Collection entries
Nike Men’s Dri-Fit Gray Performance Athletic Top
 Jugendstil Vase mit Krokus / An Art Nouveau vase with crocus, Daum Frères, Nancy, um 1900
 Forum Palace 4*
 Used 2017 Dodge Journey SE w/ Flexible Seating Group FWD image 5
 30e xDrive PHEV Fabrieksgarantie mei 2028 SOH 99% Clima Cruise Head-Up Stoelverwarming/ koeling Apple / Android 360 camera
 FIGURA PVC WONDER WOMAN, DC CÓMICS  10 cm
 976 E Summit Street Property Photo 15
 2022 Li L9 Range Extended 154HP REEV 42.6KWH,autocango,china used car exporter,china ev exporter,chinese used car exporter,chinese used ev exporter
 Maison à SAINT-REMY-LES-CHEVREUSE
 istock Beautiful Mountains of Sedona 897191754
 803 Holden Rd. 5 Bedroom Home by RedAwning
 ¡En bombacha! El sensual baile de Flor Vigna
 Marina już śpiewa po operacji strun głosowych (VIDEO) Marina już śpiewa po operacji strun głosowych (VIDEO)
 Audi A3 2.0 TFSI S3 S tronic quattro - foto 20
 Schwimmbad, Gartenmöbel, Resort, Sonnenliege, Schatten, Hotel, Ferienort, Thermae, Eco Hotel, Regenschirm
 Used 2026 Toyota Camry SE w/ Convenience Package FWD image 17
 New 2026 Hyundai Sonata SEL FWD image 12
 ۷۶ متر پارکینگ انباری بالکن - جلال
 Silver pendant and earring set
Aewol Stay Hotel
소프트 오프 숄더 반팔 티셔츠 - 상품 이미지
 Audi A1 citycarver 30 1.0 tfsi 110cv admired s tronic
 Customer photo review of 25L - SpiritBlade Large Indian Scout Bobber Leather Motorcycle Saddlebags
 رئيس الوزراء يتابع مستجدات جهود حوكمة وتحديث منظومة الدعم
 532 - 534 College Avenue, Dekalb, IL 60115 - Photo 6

PROBLEM STATEMENT – From the line containing "Aewol Stay Hotel" down to the final line of the data, write out every line exactly; both the first and last of these belong in your answer, and nothing else does.

OUTPUT OF THE TASK –
Aewol Stay Hotel
소프트 오프 숄더 반팔 티셔츠 - 상품 이미지
 Audi A1 citycarver 30 1.0 tfsi 110cv admired s tronic
 Customer photo review of 25L - SpiritBlade Large Indian Scout Bobber Leather Motorcycle Saddlebags
 رئيس الوزراء يتابع مستجدات جهود حوكمة وتحديث منظومة الدعم
 532 - 534 College Avenue, Dekalb, IL 60115 - Photo 6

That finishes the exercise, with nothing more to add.